Transcribe the stretch of entries below from the line with "hoka one one all white" through the line with "Forede bukser fra", exactly and with both ends included; leave out all other lines.

*** Supplied data ***

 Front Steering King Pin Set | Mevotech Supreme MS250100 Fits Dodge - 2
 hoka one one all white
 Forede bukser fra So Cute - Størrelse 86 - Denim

*** End of Supplied data ***
*** Supplied data ***

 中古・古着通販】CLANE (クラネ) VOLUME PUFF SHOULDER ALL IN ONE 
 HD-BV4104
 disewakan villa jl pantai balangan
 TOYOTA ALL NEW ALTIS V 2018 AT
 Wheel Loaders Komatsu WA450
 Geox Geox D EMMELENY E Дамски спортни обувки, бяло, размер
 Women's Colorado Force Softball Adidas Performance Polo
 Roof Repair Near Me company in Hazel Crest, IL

*** End of Supplied data ***
*** Supplied data ***

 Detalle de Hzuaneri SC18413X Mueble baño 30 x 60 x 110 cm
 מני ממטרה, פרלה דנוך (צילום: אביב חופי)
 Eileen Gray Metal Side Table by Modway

*** End of Supplied data ***

**Solution to this exercise**
 hoka one one all white
 Forede bukser fra So Cute - Størrelse 86 - Denim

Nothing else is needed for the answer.